Cinematographer-cum-filmmaker M Manikandan is confident that his second directorial venture Kutrame Thandanai will be as successful as his debut film Kaaka Muttai. Speaking to CE he says, “I had planned this script even before Kaaka Muttai was released. Though the film has a dark tone, the audience will find it realistic to go along with the story. It’s about seven characters and I have tried portraying how one’s conscience can actually punish an individual.”
The film premiered at a few international fests, including the New York Indian Film Festival and Mumbai International Film Festival, and was received well. “Though there are no songs in the film, I am sure Isaignani Ilaiyaraaja’s background score will complement my style of filmmaking,” he says.
Manikandan adds that he has addressed the problem of tunnel vision (a retinal disorder) in the film. “People who suffer from this are sensitive to light and have difficulty seeing at night; they bump into people or miss steps on a staircase. I did extensive research on the subject and it was really hard to find people who have this problem. I met a few to understand their difficulties. Though we completed the film in 33 days, we took considerable time in both pre and post-production stages. We shot extensively in Chennai and Kolkata,” he explains.

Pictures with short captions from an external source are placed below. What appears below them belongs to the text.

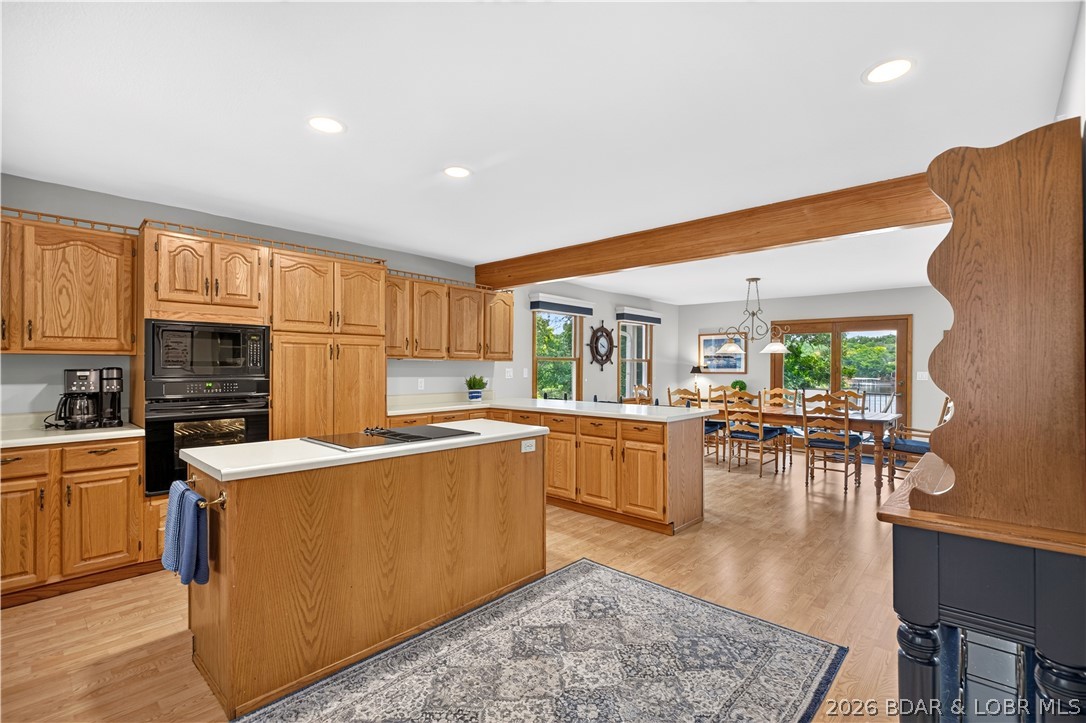 Four Seasons - Residential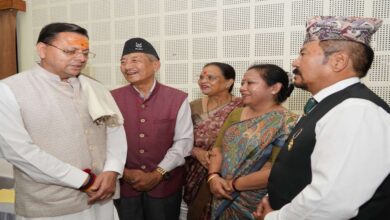 Uttarakhand News- जनसुनवाई के लिए सीएम आवास पहुंची जनता: धामी ने शिकायतों पर लिया संज्ञान, त्वरित समाधान के दिए निर्देश…..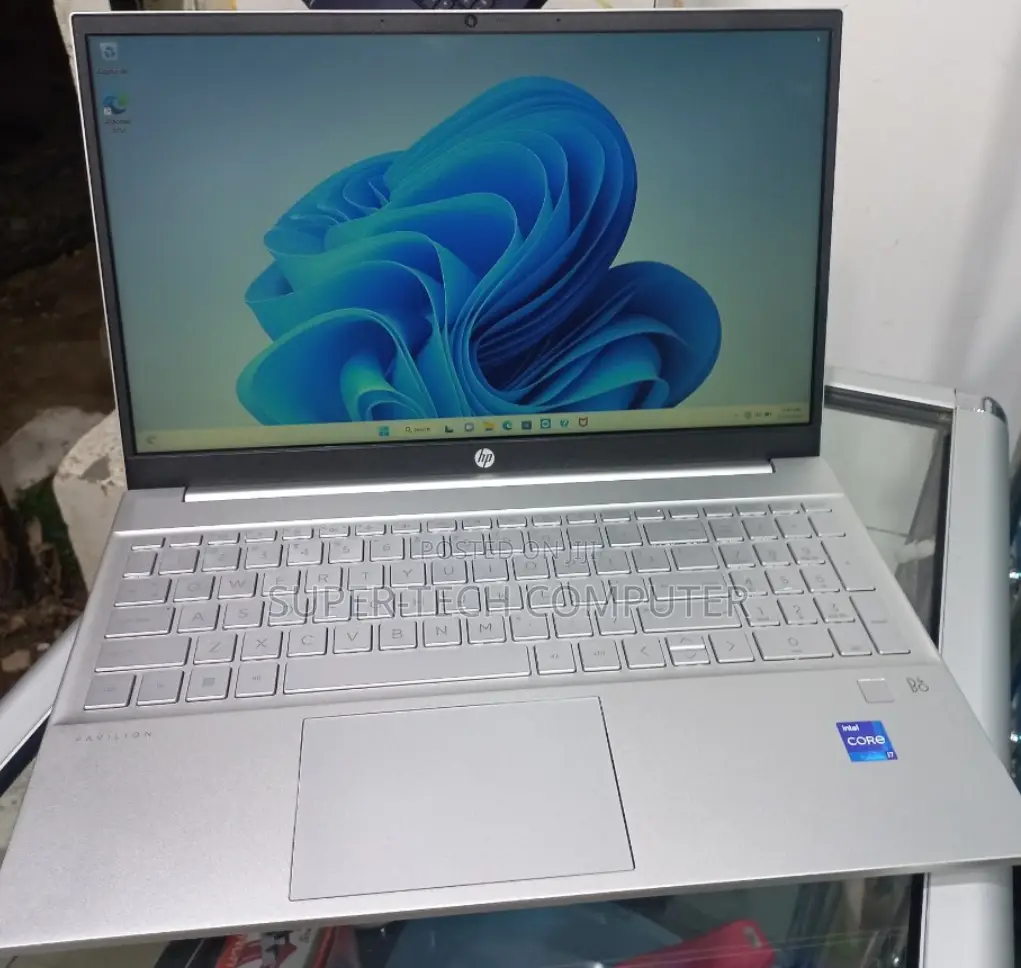 New Laptop HP Pavilion 15 16GB Intel Core I7 SSD 512GB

What’s Kutrame... all about? “The protagonist (a credit card agent) who has tunnel vision, witnesses a murder. What he does when he discovers a dead body of a young female neighbour and how he fights the war between morality and money, forms the rest of the story,” he explains.

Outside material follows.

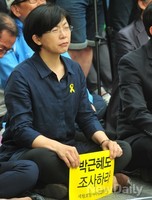 [포토]촛불집회 참석한 이정희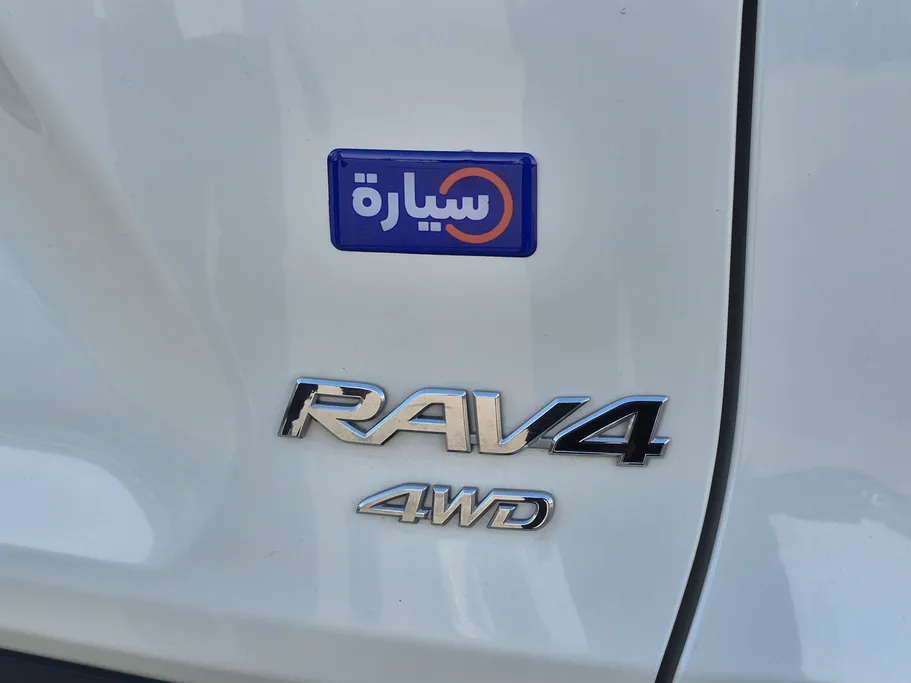 تويوتا راف فور LE 2022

The director says how he moves out of his comfort zone every time to do something different. “I don’t want to do regular films and be predictable to the audience. I keep experimenting with varied shades of characters and scripts. For instance, Kaaka Muttai was a mixture of commercial and art cinema; but Kutrame, a slow-paced murder mystery, is a full-on art film. My next Aandavan Kattalai, which stars Vijay Sethupahi and Ritika Singh, throws light on discrepancies in the passport-issuing process and the various problems we face because of that. It’s a light-hearted entertainer. Kadaisi Vivasayi focuses on farmer suicides,” he says adding that he wants to present simple and relevant issues to the audience. “There are so many stories around us that I want to explore,” he smiles.
But why is he keen on sending his films to film fests first? “I never make films with an intention of bagging awards. It just happens. I love making good films. When a film has a ‘festival’ tag, it always has the risk of not doing well commercially. So, it’s important that the story is outstanding. Even when I was a cinematographer, I was interested in storytelling. I can visualise things easily, and they are translated on to the screen,” he shares. Andavan Kattalai will have a theatre release unlike his other films.

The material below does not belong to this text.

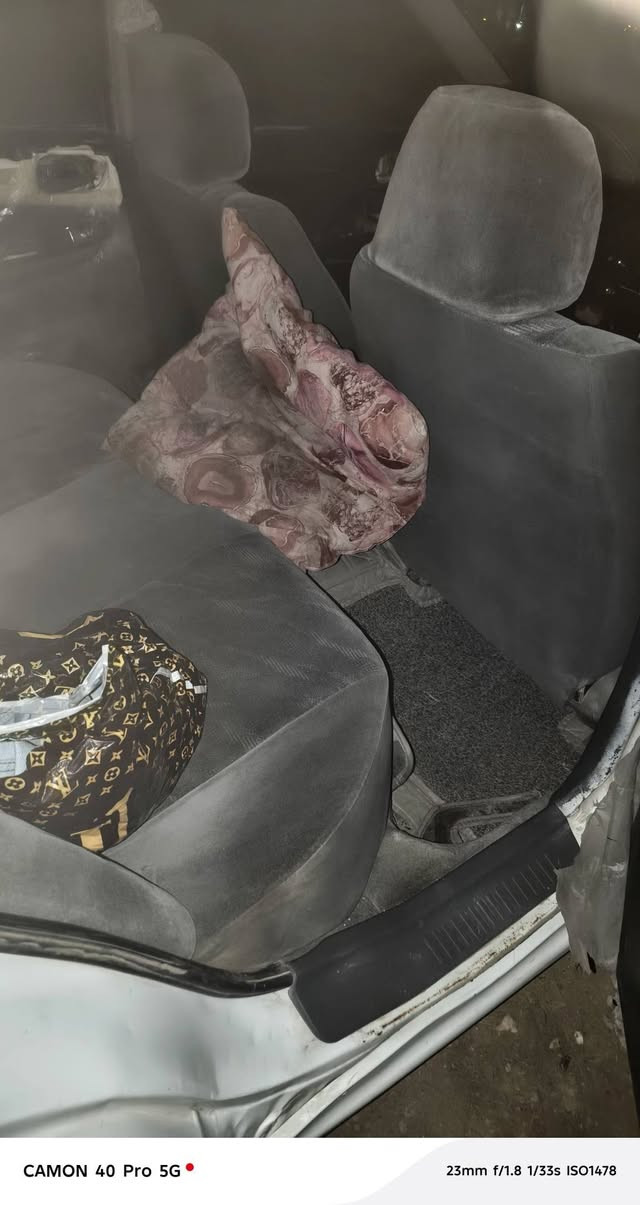 مسيه بوشي موديل الفين ابيع أو مراوس بسياره تكسي لمابيهه راعي لا يعلق تريد تحويل تريد وكاله رقم نجف عليهه ٣٠٠ غرامه و سياره بيهه كازكيت واساب ***********
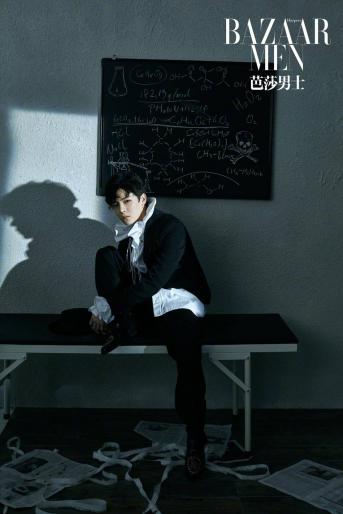 侯明昊时尚时装秀,侯明昊最新杂志封面芭莎男士点评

Quiz him on why he does not rope in big names for his films, Manikandan grins. “I always believe that the core content of any film is its narration and story. Stars definitely add great value to the script. But then, we can’t force anyone into the script. We do not get big names on board always. When there are commercial heroes in the film, there’s a mild possibility of it getting stereotyped because of the regular masala elements,” he admits candidly.
Kutrame Thandanai has Vidharth of Mynaa (2010) fame playing the male lead, besides Aishwarya Rajesh, Pooja Devariya, Nasser, Rahman and Gurusomasundaram in pivotal roles.